新幹線が西は福岡へ、東は仙台や盛岡、さらに札幌まで延びたり、本州と四国の間に橋ができたりすると、それらの都市や地域はそれ以前より栄えるのでしょうか?実は、そうなる場合もならない場合もあるし、そのどちらもが同時に起こることもあります。今日は、交通アクセスの改善と都市や地域の盛衰の関係について、過去50年のデータを用いて考えてみます。
図1は、新聞やテレビニュースなどでよく使われる「地方7区分」と、それぞれの地域の最大都市の位置を示しています。(沖縄と離島は除いています。) カッコ内の数字は日本の全都市の中の2020年時点での人口順位です。図2は、1970年から2020年までの、各地域・各都市が全国に占める人口シェアの推移を、2020年時点の値を100とした相対値で示しています。


図2Aから、7地域のうち、過去50年にわたり人口シェアを伸ばし続けたのは、関東だけであることがわかります。関東は都市としての東京を含みますので、「東京一極集中」のイメージと重なります。しかし、コラムでも述べたように、「一極集中」は、東京に向かってだけでなく、地域それぞれの中心都市に向かっても起こりました。図2Bは、7地域の最大都市の人口シェアの推移を示しています。大阪と広島を除けば、殆どの都市がおおよそ人口シェアを伸ばしてきており、地域内部でも「一極集中」が起こったことがわかります。
図2Bのグラフを眺めると、ところどころでガクッと落ち込んでいることに気づくでしょう。これらの落差の殆どが交通網が大きく変化したタイミングと重なります。何より、大阪の人口シェアは2000年から2005年にかけて9.5%(146万人)も減少しています。このショックがバブル崩壊の影響であるならば、他の都市でも同じ動きになるでしょう。しかし、このタイミングで人口が急激に減少したのは大阪だけです。私は、これが「のぞみショック」だと考えています。東京からのアクセスが、あるしきい値を超えて良くなり、もはや大阪に支店を置く必要がなくなるなど、大阪にあった様々な都市機能が東京に集約されていきました。

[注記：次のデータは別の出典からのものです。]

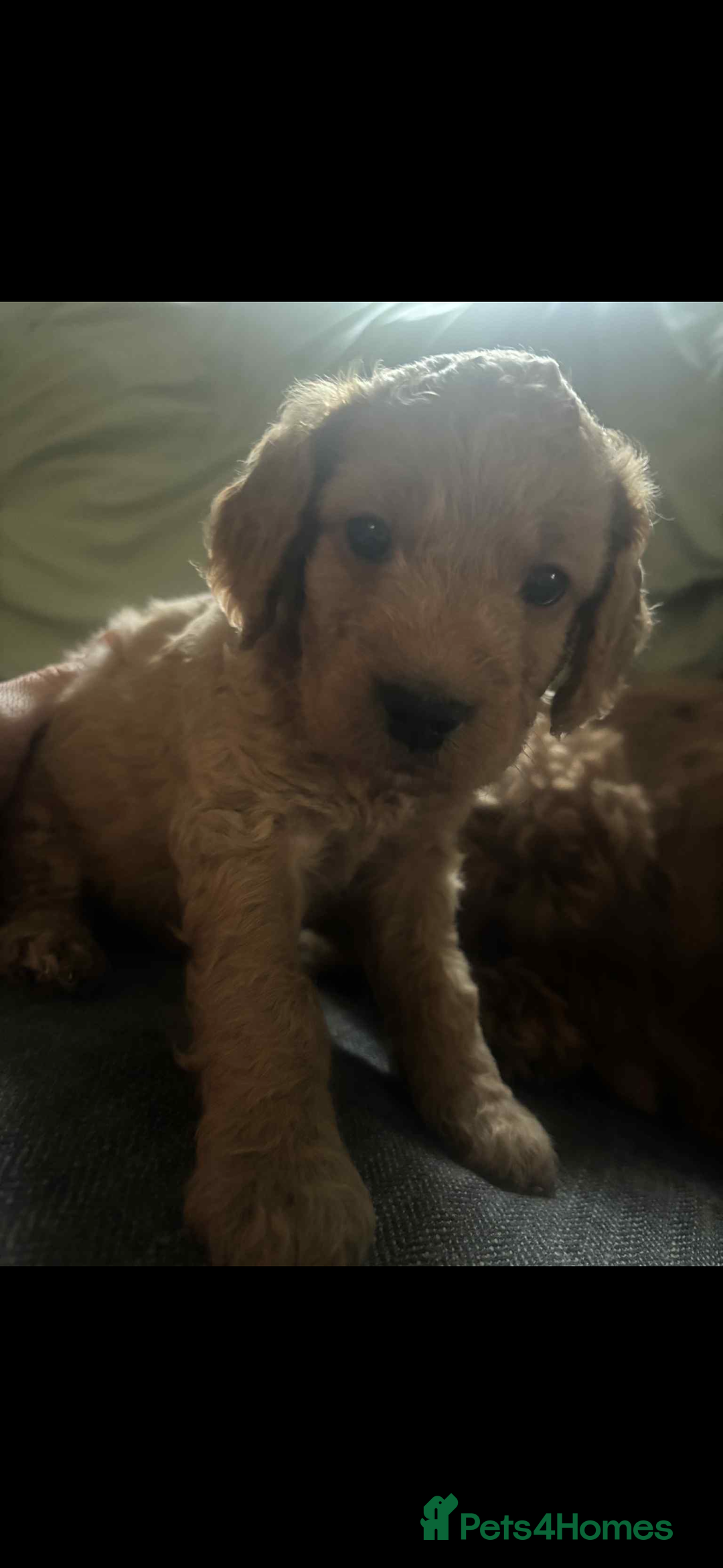 Cockapoo dogs for sale: F2 cockapoo pups  - Image 3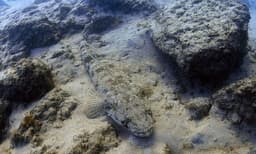 പിടിച്ചത് അബദ്ധമായി...  വലയില്‍ കുരുങ്ങിയ ഭീമന്‍ മത്സ്യത്തെ തിരികെ വിട്ട് മത്സ്യബന്ധന തൊഴിലാളികള്‍ 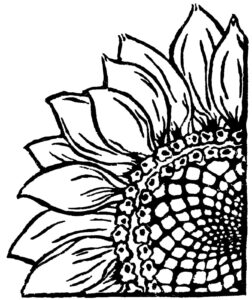 Corner Sunflower Stencil Sunflower Drawing Linocut
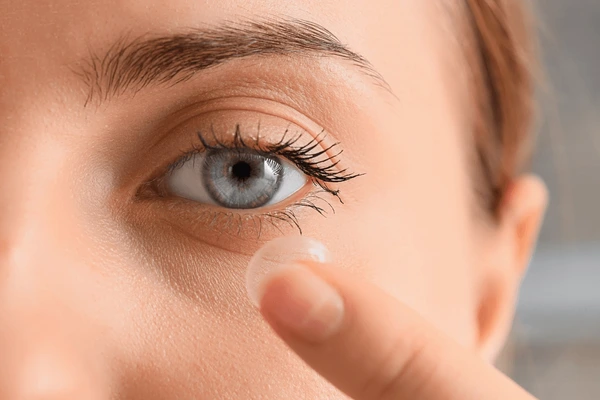 Contacts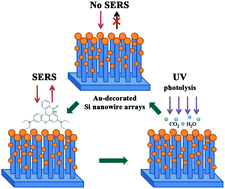 Graphical abstract: Ultrasensitive and recyclable SERS substrate based on Au-decorated Si nanowire arrays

そのほかでは、1980年から1985年にかけて、広島・名古屋・仙台で人口シェアが極端に減っています。仙台に関しては、ちょうど東北新幹線が仙台まで到達した時期に重なります。それまで仙台にあった企業の支社が東京に移転したことなどによる人口減少と考えられます。名古屋や広島には直接的な効果は小さかったかも知れませんが、東北新幹線の開通は、東京からのアクセスを、西は福岡から東は仙台までの広範囲で一気に改善しました。例えば、この範囲なら日帰りで東京で会って仕事をすることができるようになるなど、多くの路線の端点である東京は、圧倒的な交通アクセスを持つことになりました。その結果として、名古屋や広島からも企業や人口が東京に吸い取られたと考えられます。この「吸い取る」感じから、大都市への交通アクセスが改善した小都市から、人口が大都市に向かって流出する効果を「ストロー効果」と呼ぶようになりました。東京一極集中の最も大きな要因のひとつは、東京から全方位への交通アクセスが向上したことによるストロー効果であると考えられます。
東京の他では、福岡だけが過去50年間人口シェアを伸ばし続けてきました。なぜ福岡は山陽新幹線開通後に、東京に吸い取られずに成長できたのでしょうか。それは、第一に東京から十分に遠かったことと、第二に、それまで九州の外から隔離されていた人たちが、福岡経由で大阪や東京に簡単にアクセスできるようになったからです。九州の人流・物流が福岡へ集中したことが、福岡の成長の起爆剤となり、福岡のその後の成長を支えました。もちろん福岡空港の貢献も大きいでしょう。
札幌も1980年から1985年に人口シェアを落としていますが、これはこの時期、千歳空港からの空のネットワークが一気に拡大したことによると思われます。また、広島の人口シェアが1990年から1995年にかけて縮小(6.4%)したのは、本四連絡橋開通による効果だと考えられます。この間、逆に岡山はシェアを4.3%伸ばしました。
最後に、地方中心都市の人口シェアが(大阪と広島を除いて)、「新幹線ショック」の後すぐに増加に転じている理由を考えてみましょう。これは、これらの都市が、地域の中では相対的に広域的な交通アクセスが向上したため、地域内から人口や企業の立地が集中したためだと思われます。この地域内での一極集中はストロー効果ではなく、立地の優位性の変化によるものだと考えられます。